Officials here have tentatively agreed to use California redevelopment law and $750,000 to help expand an auto dealership.
In a unanimous decision Monday that followed almost two hours of discussion over how to best use limited city funds within the legal constraints of the state law, the Carson Redevelopment Agency (which is made up of City Council) backed the expansion project proposed by Don Kott Ford and Alpha Omega Development Corp.
The city support comes after three meetings during the last 10 days with proponents of the project. Although officials have been backing the project in concept, they have been unable to locate funding sources within their redevelopment budget for that area. That account would have been "wiped out" if the major loan were drawn from it, city staff said.

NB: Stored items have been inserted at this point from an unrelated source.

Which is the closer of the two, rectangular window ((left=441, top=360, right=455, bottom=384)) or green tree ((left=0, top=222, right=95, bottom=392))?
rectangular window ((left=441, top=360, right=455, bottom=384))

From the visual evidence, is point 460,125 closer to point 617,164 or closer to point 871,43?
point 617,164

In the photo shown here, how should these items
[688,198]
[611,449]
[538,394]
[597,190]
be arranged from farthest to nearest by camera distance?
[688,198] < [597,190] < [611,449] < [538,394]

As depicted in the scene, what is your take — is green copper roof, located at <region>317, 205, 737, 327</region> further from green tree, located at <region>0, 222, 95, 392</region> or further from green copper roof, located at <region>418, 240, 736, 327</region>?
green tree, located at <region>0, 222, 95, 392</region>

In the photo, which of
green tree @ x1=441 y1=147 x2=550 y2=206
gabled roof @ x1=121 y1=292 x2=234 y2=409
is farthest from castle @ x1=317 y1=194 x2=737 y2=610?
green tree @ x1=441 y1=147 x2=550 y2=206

However, officials were told Monday night that they may have funds that were not previously considered. City Treasurer Mary Louise Custer said that available money may exist in a redevelopment bond-sale account. Finance Director William Parrott said another option may be that the redevelopment account could borrow money from the city's general fund.
And while the loan approval is contingent upon the identification of excess city funds and the negotiation of a satisfactory contract, many city officials say they hope a final agreement can be reached because the project would generate significant tax revenue.
The $5.4-million expansion project, for which proponents said they have already obtained financing for all but the $750,000 loan plus interest, would convert an existing Dean Corbett Chrysler facility into two new car dealerships. The Corbett site is being vacated in May.
"I feel it will be a good revenue generator for the city," said Councilman Walter J. Egan. "I think it's a viable redevelopment project for Carson."
However, while all city officials agreed that the project would make a significant contribution to city coffers--a projected $400,000 a year--some expressed concern about whether the city's role in the project is an appropriate use of redevelopment law.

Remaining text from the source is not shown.